While both threading arrangements lead to similar levels of parallel execution and same execution results, they can exhibit very different performance in a given hardware system. The grid-centric arrangement has a memory access behavior called gather, where each thread gathers or collects the effect of input atoms into a grid point. Figure 13.1(a) illustrates the gather access behavior. Gather is a desirable thread arrangement in CUDA devices because the threads can accumulate their results in their private registers. Also, multiple threads share input atom values, and can effectively use constant memory caching or shared memory to conserve global memory bandwidth.

image

Figure 13.1 (a) Gather and (b) scatter based thread arrangements.

The atom-centric arrangement, on the other hand, exhibits a memory access behavior called scatter, where each thread scatters or distributes the effect of an atom into grid points. The scatter behavior is illustrated in Figure 13.1(b). This is an undesirable arrangement in CUDA devices because the multiple threads can write into the same grid point at the same time. The grid points must be stored in a memory that can be written by all the threads involved. Atomic operations must be used to prevent race conditions and loss of value during simultaneous writes to a grid point by multiple threads. These atomic operations are much slower than the register accesses used in the atom-centric arrangement. Understanding the behavior of the threading arrangement and the limitations of hardware allows a parallel programmer to steer toward the more desired gather-based arrangement.

A real application often consists of multiple modules that work together. The electrostatic potential map calculation is one such module in molecular dynamics applications. Figure 13.2 shows an overview of major modules of a molecular dynamics application. For each atom in the system, the application needs to calculate the various forms of forces (e.g. vibrational, rotational, and nonbonded) that are exerted on the atom. Each form of force is calculated by a different method. At the high level, a programmer needs to decide how the work is organized. Note that the amount of work can vary dramatically between these modules. The nonbonded force calculation typically involves interactions among many atoms and incurs much more calculations than the vibrational and rotational forces. Therefore, these modules tend to be realized as separate passes over the force data structure. The programmer needs to decide if each pass is worth implementing in a CUDA device. For example, he or she may decide that the vibrational and rotational force calculations do not involve a sufficient amount of work to warrant execution on a device. Such a decision would lead to a CUDA program that launches a kernel that calculates nonbonding forces for all the grid points while continuing to calculate the vibrational and rotational forces for the grid points on the host. The module that updates atomic positions and velocities may also run on the host. It first combines the vibrational and rotational forces from the host and the nonbonding forces from the device. It then uses the combined forces to calculate the new atomic positions and velocities.

image

Figure 13.2 Major tasks of a molecular dynamics application.

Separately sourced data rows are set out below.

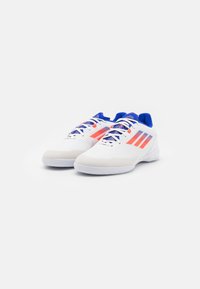 Zapatillas deportivas blancas con diseño texturizado, que presentan acentos en azul y naranja, punta redonda y cierre de cordones. Material sintético ligero.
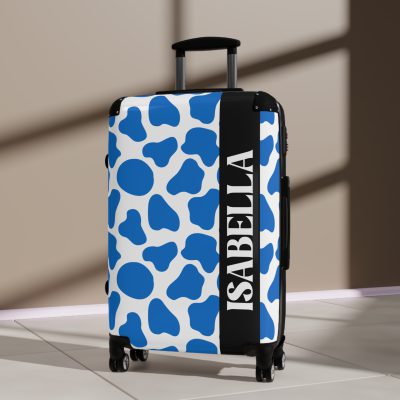 Custom Cow Print Suitcase - A personalized luggage adorned with a unique cow print design, perfect for travelers who want to add a touch of individuality to their journeys.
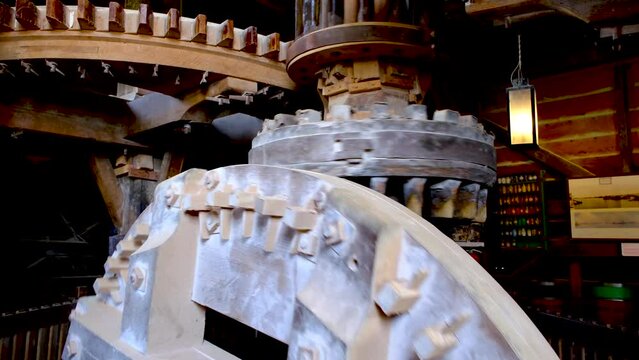 Moving parts inside a traditional Dutch windmill.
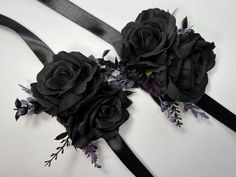 two black sashes with purple flowers and leaves on them are laying next to each other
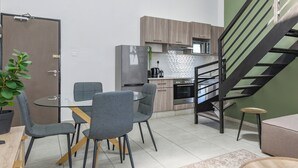 A modern kitchen with a stainless steel refrigerator, wooden cabinets, and a built-in oven. There is a dining area with a glass table and grey chairs. A staircase with a black railing leads to an upper level.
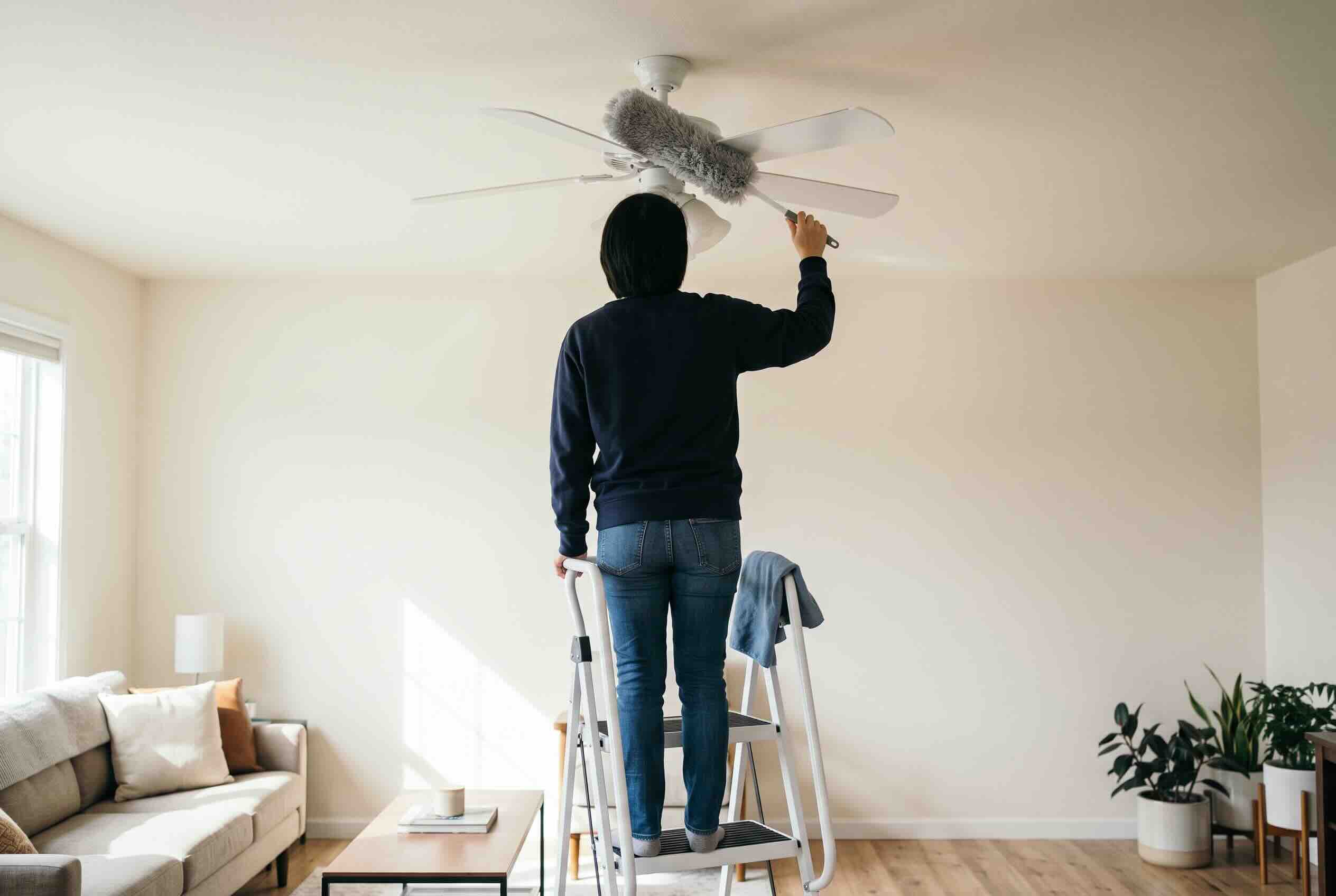 A long-handled fluffy duster reaching up to clean the white blades of a ceiling fan.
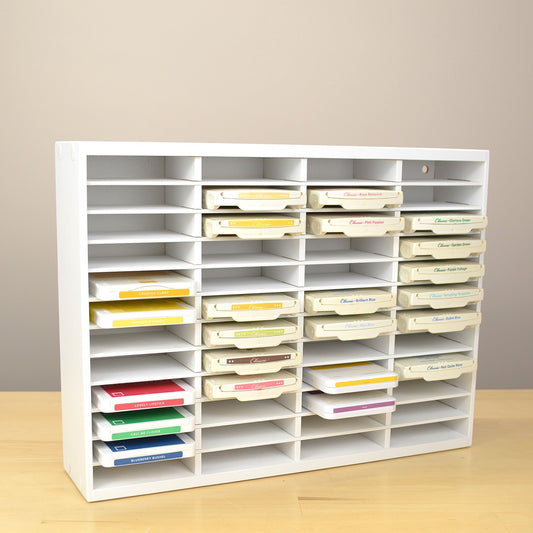 Angle view of a full 48 Ink Pad organizer for Stampin Up, painted white and built by OrganizeMore.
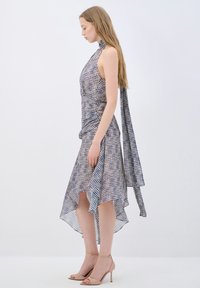 Robe à carreaux bleus et blancs avec un col halter, un corsage froncé et un ourlet asymétrique, associée à des sandales à talons beiges.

The portion of work done by the device will ultimately decide the application-level speedup achieved by parallelization. For example, assume that the nonbonding force calculation accounts for 95% of the original sequential execution time and it is accelerated by 100× using a CUDA device. Further assume that the rest of the application remains on the host and receives no speedup. The application-level speedup is 1/(5%+95%/100)=1/(5%+0.95%)=1/(5.95%)=17×. This is a demonstration of Amdahl’s law: the application speedup due to parallel computing is limited by the sequential portion of the application. In this case, even though the sequential portion of the application is quite small (5%), it limits the application-level speedup to 17× even though the nonbonding force calculation has a speedup of 100×. This example illustrates a major challenge in decomposing large applications: the accumulated execution time of small activities that are not worth parallel execution on a CUDA device can become a limiting factor in the speedup seen by the end users.

Amdahl’s law often motivates task-level parallelization. Although some of these smaller activities do not warrant fine-grained massive parallel execution, it may be desirable to execute some of these activities in parallel with each other when the data set is large enough. This could be achieved by using a multicore host to execute such tasks in parallel. Alternatively, we could try to simultaneously execute multiple small kernels, each corresponding to one task. The previous CUDA devices did not support such parallelism but the new generation devices such as Kepler do.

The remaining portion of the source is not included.